Il «Secolo» riscrive il G8: per accusare la polizia ora processa Gianfranco

RomaÈ un revisionismo pericoloso. Legittimo, certamente, ma piuttosto intrepido. Bisogna riscrivere la storia sul G8 di Genova, propone il foglio di Futuro e libertà, il Secolo d’Italia. Anzi, non riscrivere ma «ripensare», verbo in bilico tra passato e presente, più prudente che coraggioso. A questo argomento Filippo Rossi, l’ideologo di punta del partito di Fini, dedicherà oggi un dibattito a Viterbo dal titolo, appunto, «Ripensare il G8». Tra i relatori Carlo Bonini di Repubblica e Peter Gomez del Fatto quotidiano.

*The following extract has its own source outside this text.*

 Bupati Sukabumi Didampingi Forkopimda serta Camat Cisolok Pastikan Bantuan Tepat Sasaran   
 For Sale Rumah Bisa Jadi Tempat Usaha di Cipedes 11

Ma parleranno, i relatori, del presidente della Camera? Ripensare il G8 non può prescindere infatti dal ripensare Fini stesso. Non solo perché all’epoca dei fatti, nel luglio del 2001, era vicepresidente del consiglio, ma perché su questo argomento l’ex leader di An ha avuto sempre un ruolo molto attivo. Nel difendere la polizia e condannare i manifestanti.
In un’inchiesta su Genova del luglio del 2008, il quotidiano britannico The Guardian scrisse: «Gianfranco Fini, ex segretario nazionale del partito neo-fascista Msi, e allora vice primo ministro­secondo i resoconti dei media di allora­era nel quartier generale della polizia. Non gli è mai stato chiesto di spiegare che ordini abbia dato». Il giornale d’Oltremanica lamentava insomma il fatto che l’attuale presidente della Camera non avesse mai risposto di quella presenza nei momenti cruciali del G8 genovese.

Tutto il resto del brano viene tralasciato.